Marshall surpassed both of those marks this season in early December and January. The swingman has played over 20 games with the Sun Devils to this point and enough PAC-12 conference games to form a Venn diagram comparing and contrasting the differences between the prestigious Big-10 and the rising Pac-12 conferences.
“The Big-10’s a lot more physical,” Marshall said. “I think guys slow it down a lot more in the Big-10 and really focus on defense. Whereas in the Pac-12 teams push the ball a lot more, focus on getting quick and easy points.”
The 6-foot-4 guard benefited a considerable amount from slow play last season; he put on some well documented shows where he scored 29 points against no. 18 Michigan State, 25 against no. 4 Michigan, and 23 against Wisconsin who was no. 22 at the time.
Most of the time, Marshall is seen hoisting up three-point shots. He has a quick and high release that has been a lethal injection to the opposition at many times this season, but stagnant at a few points as well.
“Mainly as a shooter the biggest thing is trying to hit your first shot, and then when you don’t see that you try to work from the inside out,” Marshall explained.
Although the guard said play is more up-tempo in the Pac-12, it is rather apparent that lengthy ball players like him are able to slow down the game at their command. This is a playing style that is often seen from UCLA’s Kyle Anderson. Both players are able to handle the ball either on the wing or the top of the key, break down their man on the dribble, and use their two lengthy steps to get enough room on their man to manufacture a basket.
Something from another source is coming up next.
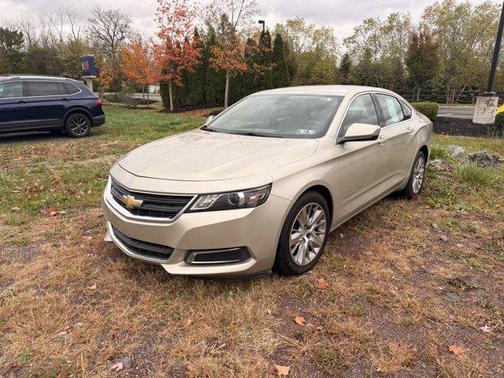 2015 Chevrolet Impala LS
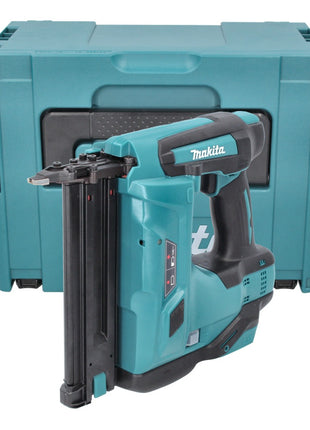 Makita DBN 500 ZJ Akku Stauchkopfnagler 18 V 15-50 mm + Makpac - ohne Akku, ohne Ladegerät - Toolbrothers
Marshall does not go to the hoop every time he touches the ball, but the technique is unquestionably in the wingman’s arsenal. This is probably why the Pennsylvania native said he considers himself to be a guy that can do it all. “I like to post, drive to the basket, and if I’m open I’ll knock down the open shot,” Marshall said.
Anyone who has played basketball with players of a higher level knows that there is a certain culture amongst players that involves talking a substantial amount of trash talking to their opponents.
The Big-10 is filled with so many star players, one would think that, that atmosphere was filled with those types of loquacious individuals. Marshall however, said the case is inverse, “I’m gonna say guys are more confident in the Pac-12.”
“I think they have more freedom here in the Pac-12. The Big Ten is more of a team game,” Marshall said.
Speaking of confident actions, earlier in the season after Marshall sunk the game-tying basket with 17 seconds left on the road against Cal. He put his finger to his mouth to symbolize his quieting of the crowd.
When asked if he took any heat for making the gesture before the game had been secured in the following overtime Marshall replied, “No. I think coach Herb wants us to play positive be confident. That was just a sign of my confidence and what was going in at the moment. I was asking for the ball so I was pretty excited. “
Marshall has had another year of seemingly league-ready performances and cited raising his stock for the NBA draft as one of the reasons he initially transferred to ASU. However, right now he said he isn’t quite sure his stock is in that position.
“I don’t think I’m in the draft right now,” Marshall said. “I really try to focus on being the best team here at ASU. If that’s in God’s plan for me to get drafted it’ll happen. “
It always comes back to the team. The standout transfer mentioned the NCAA tournament twice without being prompted on the prominent post-season event. He has been there once before and is clearly, as are all his teammates, looking to slide in this year.
Marshall has been both a glue guy and the main attraction this season. He’ll be using his big game experience from all different walks of his basketball career as the Sun Devils continue on their odyssey to the dance.